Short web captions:
((

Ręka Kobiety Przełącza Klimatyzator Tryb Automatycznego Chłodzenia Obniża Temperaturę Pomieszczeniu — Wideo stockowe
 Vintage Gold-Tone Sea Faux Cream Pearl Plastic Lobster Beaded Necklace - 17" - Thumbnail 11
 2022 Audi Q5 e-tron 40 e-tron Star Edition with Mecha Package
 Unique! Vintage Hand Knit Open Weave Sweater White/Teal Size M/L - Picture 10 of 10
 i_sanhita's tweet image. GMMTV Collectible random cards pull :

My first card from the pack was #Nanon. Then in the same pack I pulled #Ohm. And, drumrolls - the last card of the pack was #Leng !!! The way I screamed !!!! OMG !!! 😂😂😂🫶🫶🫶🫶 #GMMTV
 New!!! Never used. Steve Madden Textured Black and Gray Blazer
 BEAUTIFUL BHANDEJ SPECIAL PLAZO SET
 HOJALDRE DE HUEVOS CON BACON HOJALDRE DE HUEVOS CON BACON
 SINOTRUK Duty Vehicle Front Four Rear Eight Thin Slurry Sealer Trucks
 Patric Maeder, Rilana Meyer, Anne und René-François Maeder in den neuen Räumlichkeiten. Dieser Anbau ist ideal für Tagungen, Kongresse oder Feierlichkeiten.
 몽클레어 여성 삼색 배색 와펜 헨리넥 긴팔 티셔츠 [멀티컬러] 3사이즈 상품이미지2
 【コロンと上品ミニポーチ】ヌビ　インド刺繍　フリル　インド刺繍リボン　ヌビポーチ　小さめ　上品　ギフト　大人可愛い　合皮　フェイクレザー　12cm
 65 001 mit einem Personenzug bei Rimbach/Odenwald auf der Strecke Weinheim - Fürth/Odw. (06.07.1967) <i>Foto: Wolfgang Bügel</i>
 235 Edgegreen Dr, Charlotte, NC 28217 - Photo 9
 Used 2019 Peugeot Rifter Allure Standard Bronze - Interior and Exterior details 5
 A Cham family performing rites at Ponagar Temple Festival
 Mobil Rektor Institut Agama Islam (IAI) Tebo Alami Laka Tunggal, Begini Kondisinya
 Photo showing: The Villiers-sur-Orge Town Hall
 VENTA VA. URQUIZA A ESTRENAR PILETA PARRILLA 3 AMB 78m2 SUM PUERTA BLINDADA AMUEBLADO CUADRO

))

Task item: Repeat the entries above exactly, from the first line through the line containing "2022 Audi Q5".

Answer to the problem:
Ręka Kobiety Przełącza Klimatyzator Tryb Automatycznego Chłodzenia Obniża Temperaturę Pomieszczeniu — Wideo stockowe
 Vintage Gold-Tone Sea Faux Cream Pearl Plastic Lobster Beaded Necklace - 17" - Thumbnail 11
 2022 Audi Q5 e-tron 40 e-tron Star Edition with Mecha Package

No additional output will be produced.